If an attempt is made to send data that is larger than the size of the send buffer, a send error might occur due to a problem (such as FullGC) at the receiving process. If you will be sending data that is larger than the send buffer size, take into account the time required for processing events such as the receiving process's FullGC.
- Tip 3 (3)
-
Send and receive processing takes place internally in multiple segments. The timeout values are applied to each segment. Therefore, the timeout values are not for guaranteeing the length of time before replies are returned.
- Tip 4 (4)
-
The EADS client performs the next read processing when its current send processing is completed. The EADS client does not consider whether the EADS server has received the data that the EADS client sent.

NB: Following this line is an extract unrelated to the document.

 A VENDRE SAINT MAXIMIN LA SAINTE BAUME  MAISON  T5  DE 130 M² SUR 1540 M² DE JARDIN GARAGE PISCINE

The EADS client's receive timeout includes the time for performing data operations and executing user functions on the EADS server. If there is a user function that requires a long time to process and the client properties are specified to accommodate such a user function's processing time, the value might not be suitable for normal communication processing. In such a case, we recommend that you use API functions with timeout settings instead of specifying the timeout values in the client properties.
- Tip 5 (5)
-
After sending a response to the EADS client, the EADS server waits for the next request. For this receive processing, the timeout value for permanent connections is used (eads.server.connection.keepAlive.timeout parameter value specified in the server properties), not the normal communication timeout value (eads.server.connection.timeout parameter value specified in the server properties). For details about the timeout value for permanent connections, see 9.3.1(3) Specifying a timeout value for closing a permanent connection.